◆ INSTRUCTIONS FOR THE TASK: In the entries below, filter for the word "Ring" and copy every matching line.

Data extracted from a collection:
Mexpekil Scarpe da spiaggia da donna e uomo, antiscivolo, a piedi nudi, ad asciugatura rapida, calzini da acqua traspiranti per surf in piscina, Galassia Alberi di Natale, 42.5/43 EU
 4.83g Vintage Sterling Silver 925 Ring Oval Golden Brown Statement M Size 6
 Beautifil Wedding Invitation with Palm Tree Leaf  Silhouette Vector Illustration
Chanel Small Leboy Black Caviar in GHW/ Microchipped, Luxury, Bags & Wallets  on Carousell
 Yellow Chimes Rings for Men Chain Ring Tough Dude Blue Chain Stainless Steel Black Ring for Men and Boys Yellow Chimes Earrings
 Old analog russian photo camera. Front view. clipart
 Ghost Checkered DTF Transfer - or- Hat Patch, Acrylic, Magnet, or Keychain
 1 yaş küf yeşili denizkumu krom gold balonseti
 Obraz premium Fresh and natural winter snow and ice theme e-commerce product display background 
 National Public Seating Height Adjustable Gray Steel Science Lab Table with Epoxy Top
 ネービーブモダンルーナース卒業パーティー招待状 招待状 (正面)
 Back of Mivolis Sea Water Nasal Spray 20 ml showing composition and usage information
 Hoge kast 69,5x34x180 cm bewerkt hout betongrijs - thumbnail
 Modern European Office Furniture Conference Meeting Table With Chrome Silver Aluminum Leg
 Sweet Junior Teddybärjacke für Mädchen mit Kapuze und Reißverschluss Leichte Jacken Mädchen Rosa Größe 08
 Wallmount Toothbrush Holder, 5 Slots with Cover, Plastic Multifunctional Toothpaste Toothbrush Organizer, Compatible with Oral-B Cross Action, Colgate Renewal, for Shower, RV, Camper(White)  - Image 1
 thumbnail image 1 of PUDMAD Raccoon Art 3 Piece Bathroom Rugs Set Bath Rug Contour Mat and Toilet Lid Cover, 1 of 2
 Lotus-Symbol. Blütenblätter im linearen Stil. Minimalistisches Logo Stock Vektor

◆ OUTPUT FOR THIS TASK:
 4.83g Vintage Sterling Silver 925 Ring Oval Golden Brown Statement M Size 6
 Yellow Chimes Rings for Men Chain Ring Tough Dude Blue Chain Stainless Steel Black Ring for Men and Boys Yellow Chimes Earrings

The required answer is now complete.